◆ Exercise prompt:
A verbatim repetition of the data below is requested, without images.

::: Data

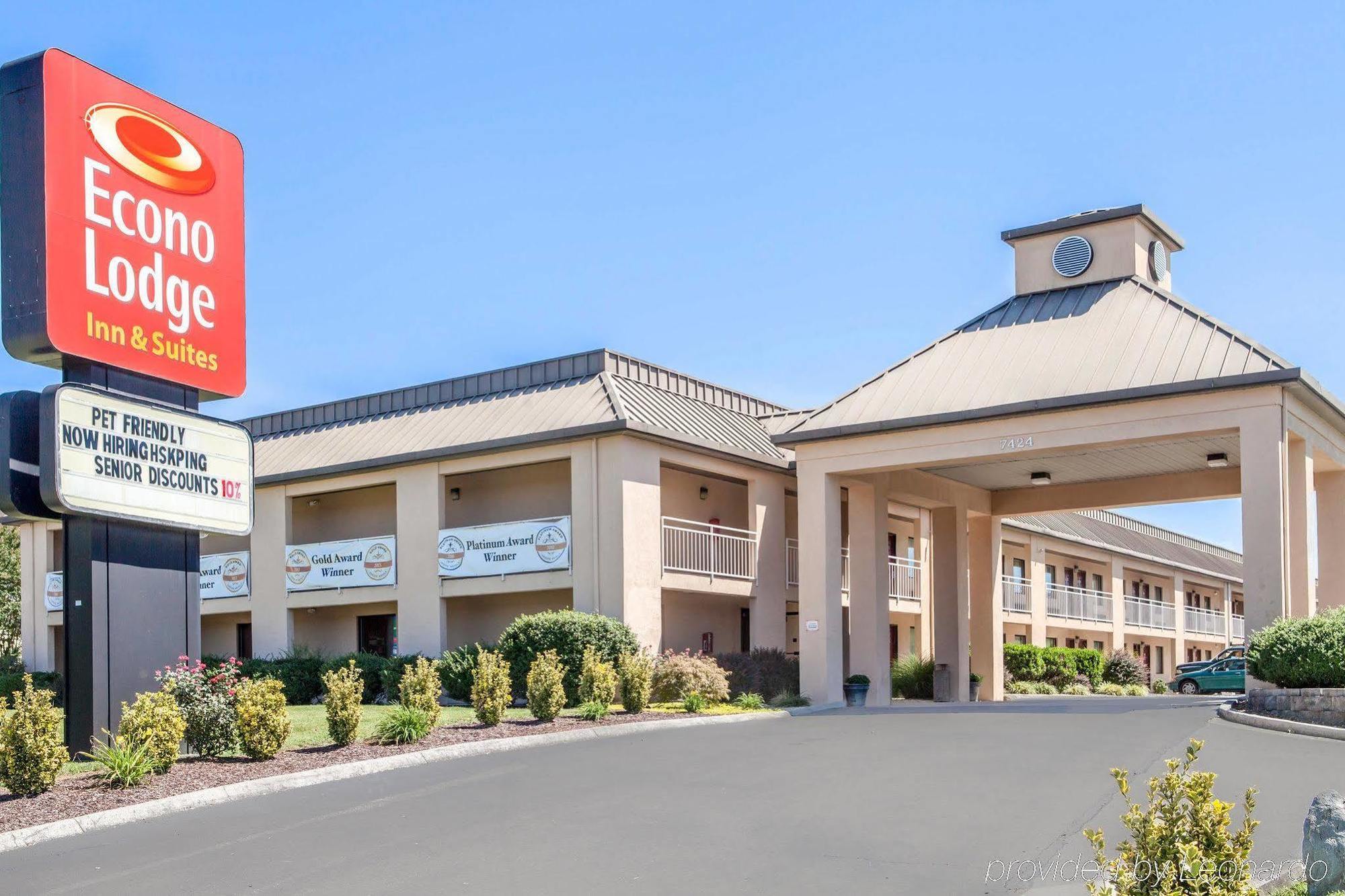 Econo Lodge Inn & Suites East Ноксвил Екстериор снимка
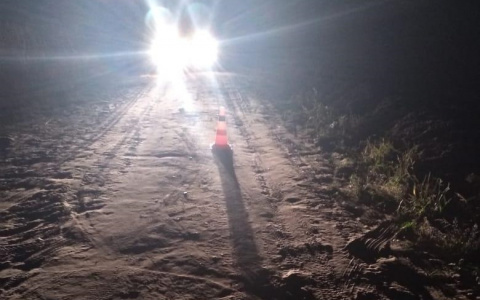 В Кировской области 15-летняя девочка на мопеде сбила пешехода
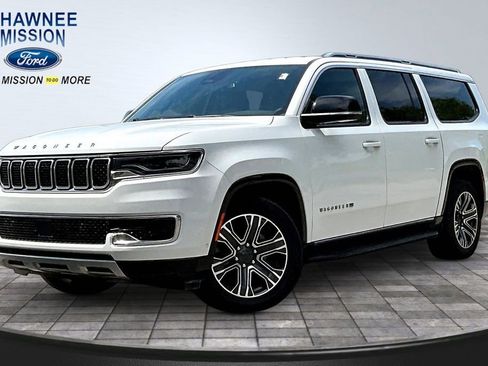 Used 2024 Jeep Wagoneer L Series II w/ Flexible Seating Group AWD/4WD image 1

::::::

◆ Solution for this problem:
 Econo Lodge Inn & Suites East Ноксвил Екстериор снимка
 В Кировской области 15-летняя девочка на мопеде сбила пешехода
 Used 2024 Jeep Wagoneer L Series II w/ Flexible Seating Group AWD/4WD image 1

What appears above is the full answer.